長崎の社会/経済/スポーツ/文化のニュースをお届けしています

私の被爆ノート

赤く燃え上がった町

2011年6月16日 掲載
谷川 正濶(73) 谷川正濶さん(73) 爆心地から4キロの長崎市西小島で被爆 =長崎市葉山1丁目=

当時7歳。朝から発令されていた空襲警報が解除になり、兄と2人の妹の4人で、町内で防空壕(ごう)掘りをしていた母親の元に向かった。
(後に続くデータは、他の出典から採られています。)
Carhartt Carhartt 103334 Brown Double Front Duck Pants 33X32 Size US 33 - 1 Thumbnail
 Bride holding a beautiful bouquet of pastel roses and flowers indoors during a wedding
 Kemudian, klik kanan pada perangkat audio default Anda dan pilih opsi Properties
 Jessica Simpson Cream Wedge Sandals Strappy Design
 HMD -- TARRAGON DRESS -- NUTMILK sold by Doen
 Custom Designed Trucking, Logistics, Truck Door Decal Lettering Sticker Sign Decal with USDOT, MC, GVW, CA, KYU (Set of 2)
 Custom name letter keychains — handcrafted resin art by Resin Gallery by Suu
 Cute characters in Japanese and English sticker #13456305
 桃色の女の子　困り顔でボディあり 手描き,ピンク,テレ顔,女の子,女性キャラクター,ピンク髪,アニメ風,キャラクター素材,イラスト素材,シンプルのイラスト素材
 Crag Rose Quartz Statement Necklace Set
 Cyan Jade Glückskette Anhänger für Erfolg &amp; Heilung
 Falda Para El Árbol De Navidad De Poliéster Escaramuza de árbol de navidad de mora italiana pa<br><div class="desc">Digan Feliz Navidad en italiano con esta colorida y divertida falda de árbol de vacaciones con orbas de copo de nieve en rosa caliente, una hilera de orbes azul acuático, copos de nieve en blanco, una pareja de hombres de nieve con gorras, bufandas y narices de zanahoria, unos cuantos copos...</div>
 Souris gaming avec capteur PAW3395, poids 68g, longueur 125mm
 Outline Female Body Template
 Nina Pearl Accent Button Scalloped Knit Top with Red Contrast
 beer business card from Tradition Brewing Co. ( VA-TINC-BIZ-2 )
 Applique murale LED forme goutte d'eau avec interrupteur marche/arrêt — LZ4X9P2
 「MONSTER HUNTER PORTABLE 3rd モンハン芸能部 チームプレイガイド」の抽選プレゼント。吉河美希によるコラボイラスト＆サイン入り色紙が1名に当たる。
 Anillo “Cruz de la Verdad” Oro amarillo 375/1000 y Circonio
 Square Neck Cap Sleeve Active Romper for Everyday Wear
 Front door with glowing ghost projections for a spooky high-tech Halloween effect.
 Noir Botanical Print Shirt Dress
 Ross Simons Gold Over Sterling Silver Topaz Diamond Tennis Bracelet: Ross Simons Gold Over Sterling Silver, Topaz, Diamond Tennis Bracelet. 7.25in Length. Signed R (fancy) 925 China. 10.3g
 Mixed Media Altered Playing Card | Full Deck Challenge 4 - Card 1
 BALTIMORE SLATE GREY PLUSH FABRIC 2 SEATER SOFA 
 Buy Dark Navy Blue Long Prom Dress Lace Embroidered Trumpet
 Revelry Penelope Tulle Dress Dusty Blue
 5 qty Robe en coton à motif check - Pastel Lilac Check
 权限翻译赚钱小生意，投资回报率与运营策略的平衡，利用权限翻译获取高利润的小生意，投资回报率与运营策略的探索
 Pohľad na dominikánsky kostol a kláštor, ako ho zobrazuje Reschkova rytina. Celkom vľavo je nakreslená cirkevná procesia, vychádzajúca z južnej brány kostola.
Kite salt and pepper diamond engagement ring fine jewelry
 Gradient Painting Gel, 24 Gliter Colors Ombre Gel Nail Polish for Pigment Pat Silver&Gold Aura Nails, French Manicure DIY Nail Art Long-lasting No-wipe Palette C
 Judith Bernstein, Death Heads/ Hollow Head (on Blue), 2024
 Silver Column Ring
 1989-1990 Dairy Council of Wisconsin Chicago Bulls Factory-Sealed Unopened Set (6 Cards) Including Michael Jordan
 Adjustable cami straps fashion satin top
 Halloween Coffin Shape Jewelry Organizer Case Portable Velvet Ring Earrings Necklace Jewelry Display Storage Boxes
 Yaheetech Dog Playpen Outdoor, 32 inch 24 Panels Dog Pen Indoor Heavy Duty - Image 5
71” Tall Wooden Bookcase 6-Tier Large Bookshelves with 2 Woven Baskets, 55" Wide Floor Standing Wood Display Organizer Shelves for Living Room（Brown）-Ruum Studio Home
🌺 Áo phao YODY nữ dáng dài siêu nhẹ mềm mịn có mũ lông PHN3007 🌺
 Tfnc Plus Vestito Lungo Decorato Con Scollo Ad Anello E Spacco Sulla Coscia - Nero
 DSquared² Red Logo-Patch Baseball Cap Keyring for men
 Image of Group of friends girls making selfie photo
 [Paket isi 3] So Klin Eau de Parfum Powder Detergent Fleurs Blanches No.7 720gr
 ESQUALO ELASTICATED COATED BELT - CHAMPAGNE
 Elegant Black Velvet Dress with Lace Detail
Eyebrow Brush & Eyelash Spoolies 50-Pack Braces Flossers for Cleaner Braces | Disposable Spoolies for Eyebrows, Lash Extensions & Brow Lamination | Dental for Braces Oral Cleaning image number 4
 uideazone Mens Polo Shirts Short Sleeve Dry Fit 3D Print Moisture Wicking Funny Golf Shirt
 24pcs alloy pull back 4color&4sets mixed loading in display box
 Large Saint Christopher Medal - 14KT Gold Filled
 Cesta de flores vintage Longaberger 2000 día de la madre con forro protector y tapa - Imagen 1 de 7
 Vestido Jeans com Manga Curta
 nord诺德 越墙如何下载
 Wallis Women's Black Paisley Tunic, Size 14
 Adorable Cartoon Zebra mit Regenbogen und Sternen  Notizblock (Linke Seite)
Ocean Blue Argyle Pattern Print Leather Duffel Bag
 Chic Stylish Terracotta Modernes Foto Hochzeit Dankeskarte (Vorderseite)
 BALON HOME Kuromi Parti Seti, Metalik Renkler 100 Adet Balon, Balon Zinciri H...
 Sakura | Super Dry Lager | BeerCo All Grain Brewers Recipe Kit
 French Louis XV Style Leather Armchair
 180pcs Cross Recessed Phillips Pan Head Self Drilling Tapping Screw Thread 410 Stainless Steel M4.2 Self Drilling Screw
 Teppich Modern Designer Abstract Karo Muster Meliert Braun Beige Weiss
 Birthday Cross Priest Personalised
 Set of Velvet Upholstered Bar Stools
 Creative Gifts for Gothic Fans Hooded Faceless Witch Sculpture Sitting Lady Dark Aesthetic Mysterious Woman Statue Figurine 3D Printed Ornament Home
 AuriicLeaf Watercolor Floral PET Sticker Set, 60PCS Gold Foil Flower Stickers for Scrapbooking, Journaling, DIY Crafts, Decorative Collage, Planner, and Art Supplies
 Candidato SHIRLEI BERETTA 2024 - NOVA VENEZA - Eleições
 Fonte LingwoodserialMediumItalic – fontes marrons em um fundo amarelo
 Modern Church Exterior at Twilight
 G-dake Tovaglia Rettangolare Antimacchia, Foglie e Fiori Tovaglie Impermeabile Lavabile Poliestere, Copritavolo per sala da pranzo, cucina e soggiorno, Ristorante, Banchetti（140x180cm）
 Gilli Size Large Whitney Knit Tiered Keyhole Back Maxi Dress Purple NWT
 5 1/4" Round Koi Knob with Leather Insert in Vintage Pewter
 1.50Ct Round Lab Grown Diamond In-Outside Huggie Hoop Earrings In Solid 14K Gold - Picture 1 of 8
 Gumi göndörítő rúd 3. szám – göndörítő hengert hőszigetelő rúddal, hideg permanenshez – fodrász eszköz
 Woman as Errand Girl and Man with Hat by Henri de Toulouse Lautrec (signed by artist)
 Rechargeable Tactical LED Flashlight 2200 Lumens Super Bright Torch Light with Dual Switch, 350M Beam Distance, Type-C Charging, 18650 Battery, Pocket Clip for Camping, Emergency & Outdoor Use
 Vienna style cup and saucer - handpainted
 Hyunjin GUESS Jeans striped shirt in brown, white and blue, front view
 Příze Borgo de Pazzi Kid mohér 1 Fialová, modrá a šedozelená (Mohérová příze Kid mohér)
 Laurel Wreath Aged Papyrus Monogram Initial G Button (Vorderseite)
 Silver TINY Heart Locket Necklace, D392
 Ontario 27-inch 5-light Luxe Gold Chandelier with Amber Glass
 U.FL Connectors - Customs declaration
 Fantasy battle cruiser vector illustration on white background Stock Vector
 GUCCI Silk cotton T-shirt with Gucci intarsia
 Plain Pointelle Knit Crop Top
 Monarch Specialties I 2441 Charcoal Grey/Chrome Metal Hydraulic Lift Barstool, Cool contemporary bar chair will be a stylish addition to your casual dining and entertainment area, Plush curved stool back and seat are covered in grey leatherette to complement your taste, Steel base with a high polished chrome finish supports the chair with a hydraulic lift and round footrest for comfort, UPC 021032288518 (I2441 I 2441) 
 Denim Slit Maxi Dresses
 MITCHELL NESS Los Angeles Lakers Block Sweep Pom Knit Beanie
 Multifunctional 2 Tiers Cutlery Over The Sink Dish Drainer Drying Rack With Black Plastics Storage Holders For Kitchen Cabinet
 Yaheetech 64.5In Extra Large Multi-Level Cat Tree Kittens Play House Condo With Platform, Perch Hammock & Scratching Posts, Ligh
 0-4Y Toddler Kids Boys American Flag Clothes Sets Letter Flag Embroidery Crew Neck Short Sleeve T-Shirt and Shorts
防空壕の外で母親を待っていると、突然、目の前をピカッと稲妻のような強烈な閃光(せんこう)が走った。驚いて、すぐに防空壕の中に逃げ込んだ。

幸い自分や3人のきょうだい、母親にけがはなかったが、しばらくすると、けがをした人が次々と防空壕にやってきた。白いカーテンやシャツを包帯代わりに巻いていた。兄は、負傷者の1人から「もう長崎の町は全滅ばい」と外の様子を聞かされたと話していた。

少し時間がたち、1度外に出てみた。高台からまず目に入ったのは、赤く燃え上がった県庁の大きな建物。周囲を見渡すと、長崎駅の方が真っ黒い雲に覆われていた。

夕方、きょうだいと母親で自宅に戻った。建物は無事だった。しばらくして、長崎税関に勤めていた父が頭に包帯を巻いた姿で帰ってきた。私たちのことを近所で捜し回っていたようだった。勤務先でけがをしたらしく、白い包帯が血で真っ赤に染まっていた。

12日ごろだったか、家族6人で西有家町(現南島原市)に住んでいた親戚の家に疎開。しかし、他の親類もたくさん疎開してきていて、一晩だけ泊まってすぐに長崎へ戻った。原爆投下から何日かたったのに、長崎の町はまだそこら中で煙がくすぶっていた。

自宅の近くには臨時の火葬場が設けられ、毎日のように多くの死体が運び込まれ、順番を待って並べられるようになった。時間がたっていたからか、丸裸ではなく、浴衣などを羽織って身なりを整えた状態で火葬されていた死体が多かったと思う。それでも、次々と死体が焼かれていく様子は、子どもながらに、本当にいたたまれない気持ちにさせられた。

<私の願い>

原爆は多くの人の命を一瞬で奪う「魔物」にほかならない。核兵器の恐怖を語り継ぐことは、世界で2カ所しかない被爆地に住む人間に課せられた使命だと思う。若い人たちは、時間はかかってでも、核兵器は世界から絶対に廃絶できるんだという強い気持ちを持って、声を上げ続けてほしい。